• Speaking of His Church, the Saviour called it a kingdom, the kingdom of heaven, the kingdom of God (Matthew 13:24, 31, 33; Luke 13:18; John 18:36);
• He compared it to a city the keys of which were entrusted to the Apostles (Matthew 5:14; 16:19),
• to a sheepfold to which all His sheep must come and be united under one shepherd (John 10:7-17);
• to a vine and its branches,
• to a house built upon a rock against which not even the powers of hell should ever prevail (Matthew 16:18).
• Moreover, the Saviour, just before He suffered, prayed for His disciples, for those who were afterwards to believe in Him — for His Church — that they might be and remain one as He and the Father are one (John 17:20-23); and
• He had already warned them that "every kingdom divided against itself shall be made desolate: and every city or house divided against itself shall not stand" (Matthew 12:25).
• Schism and disunion he brands as crimes to be classed with murder and debauchery, and declares that those guilty of "dissensions" and "sects" shall not obtain the kingdom of God (Galatians 5:20-21).
• Hearing of the schisms among the Corinthians, he asked impatiently: "Is Christ divided? Was Paul then crucified for you? or were you baptized in the name of Paul?" (1 Corinthians 1:13).
• And in the same Epistle he describes the Church as one body with many members distinct among themselves, but one with Christ their head: "For in one Spirit we are all baptized into one body, whether Jews or Gentiles, whether bond or free" (1 Corinthians 12:13).
• To show the intimate union of the members of the Church with the one God, he asks: "The chalice of benediction, which we bless, is it not the communion of the blood of Christ?

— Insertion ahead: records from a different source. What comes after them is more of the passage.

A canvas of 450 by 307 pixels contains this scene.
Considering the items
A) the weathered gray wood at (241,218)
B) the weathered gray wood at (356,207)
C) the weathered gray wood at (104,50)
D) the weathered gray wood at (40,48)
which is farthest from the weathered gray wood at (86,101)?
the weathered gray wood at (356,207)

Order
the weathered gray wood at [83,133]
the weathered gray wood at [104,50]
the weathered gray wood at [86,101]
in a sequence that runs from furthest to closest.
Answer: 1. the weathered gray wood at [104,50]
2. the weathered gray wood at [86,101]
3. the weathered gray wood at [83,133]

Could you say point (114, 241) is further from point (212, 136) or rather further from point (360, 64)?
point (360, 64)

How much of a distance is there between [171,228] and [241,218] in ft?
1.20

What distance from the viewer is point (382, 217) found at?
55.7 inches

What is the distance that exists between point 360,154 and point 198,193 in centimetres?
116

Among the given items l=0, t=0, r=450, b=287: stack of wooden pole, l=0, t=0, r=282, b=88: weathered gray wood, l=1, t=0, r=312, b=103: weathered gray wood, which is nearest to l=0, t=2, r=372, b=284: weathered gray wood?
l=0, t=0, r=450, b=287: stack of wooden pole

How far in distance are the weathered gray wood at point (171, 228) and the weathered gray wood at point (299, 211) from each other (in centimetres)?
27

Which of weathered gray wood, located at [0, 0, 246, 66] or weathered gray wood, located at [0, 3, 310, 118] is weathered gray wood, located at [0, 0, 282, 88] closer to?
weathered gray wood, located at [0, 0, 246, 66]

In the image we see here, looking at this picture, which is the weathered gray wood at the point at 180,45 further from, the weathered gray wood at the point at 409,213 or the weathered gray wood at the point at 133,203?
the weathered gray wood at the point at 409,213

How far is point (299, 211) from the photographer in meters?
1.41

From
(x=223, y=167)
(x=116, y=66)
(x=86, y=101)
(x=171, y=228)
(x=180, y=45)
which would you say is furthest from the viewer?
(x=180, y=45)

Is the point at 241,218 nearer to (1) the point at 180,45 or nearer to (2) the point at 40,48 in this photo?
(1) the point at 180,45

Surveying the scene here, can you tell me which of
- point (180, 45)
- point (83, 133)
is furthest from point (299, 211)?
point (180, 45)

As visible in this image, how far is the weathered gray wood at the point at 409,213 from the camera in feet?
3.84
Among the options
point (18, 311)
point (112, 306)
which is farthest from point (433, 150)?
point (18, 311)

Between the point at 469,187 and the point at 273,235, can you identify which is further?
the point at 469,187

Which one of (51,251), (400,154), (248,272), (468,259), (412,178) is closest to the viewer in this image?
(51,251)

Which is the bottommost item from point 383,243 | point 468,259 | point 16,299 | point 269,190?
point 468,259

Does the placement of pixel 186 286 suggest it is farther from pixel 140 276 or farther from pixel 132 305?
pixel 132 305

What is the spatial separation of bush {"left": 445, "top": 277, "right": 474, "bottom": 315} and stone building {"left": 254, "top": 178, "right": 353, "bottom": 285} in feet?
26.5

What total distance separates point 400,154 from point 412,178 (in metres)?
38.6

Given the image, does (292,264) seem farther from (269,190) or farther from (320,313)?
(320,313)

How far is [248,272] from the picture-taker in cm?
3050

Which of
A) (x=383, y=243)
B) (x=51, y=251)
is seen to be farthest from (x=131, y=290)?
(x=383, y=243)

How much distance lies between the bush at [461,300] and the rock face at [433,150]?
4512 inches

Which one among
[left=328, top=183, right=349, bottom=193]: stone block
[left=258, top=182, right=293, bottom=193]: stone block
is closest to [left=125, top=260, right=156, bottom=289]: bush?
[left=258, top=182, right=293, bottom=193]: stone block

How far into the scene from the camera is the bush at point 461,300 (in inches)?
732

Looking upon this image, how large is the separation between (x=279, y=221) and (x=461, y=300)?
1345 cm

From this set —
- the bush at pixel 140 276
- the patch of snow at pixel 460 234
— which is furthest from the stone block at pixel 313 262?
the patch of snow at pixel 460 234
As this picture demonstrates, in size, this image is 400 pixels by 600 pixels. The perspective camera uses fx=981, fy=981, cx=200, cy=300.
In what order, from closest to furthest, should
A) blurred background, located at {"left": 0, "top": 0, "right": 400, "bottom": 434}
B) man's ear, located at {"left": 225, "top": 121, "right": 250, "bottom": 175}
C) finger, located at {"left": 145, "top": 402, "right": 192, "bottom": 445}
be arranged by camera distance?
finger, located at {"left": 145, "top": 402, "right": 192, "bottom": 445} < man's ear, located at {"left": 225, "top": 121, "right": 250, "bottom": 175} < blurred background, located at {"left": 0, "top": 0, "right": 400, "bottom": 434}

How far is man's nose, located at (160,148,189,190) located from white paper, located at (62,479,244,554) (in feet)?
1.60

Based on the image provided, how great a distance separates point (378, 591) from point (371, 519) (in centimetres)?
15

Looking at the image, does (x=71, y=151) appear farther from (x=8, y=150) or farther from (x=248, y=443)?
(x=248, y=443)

And the bread, which we break, is it not the partaking of the body of the Lord? For we, being many, are one bread, one body, all that partake of one bread" (1 Corinthians 10:16-17).
• Again in his Epistle to the Ephesians he teaches the same doctrine, and exhorts them to be "careful to keep the unity of the Spirit in the bond of peace", and he reminds them that there is but "one body and one spirit-one Lord, one faith, one baptism, one God and Father of all" (Ephesians 4:3-6).
• Already, in one of his very first Epistles, he had warned the faithful of Galatia that if anybody, even an angel from heaven, should preach unto them any other Gospel than that which he had preached, "let him be anathema" (Galatians 1:8).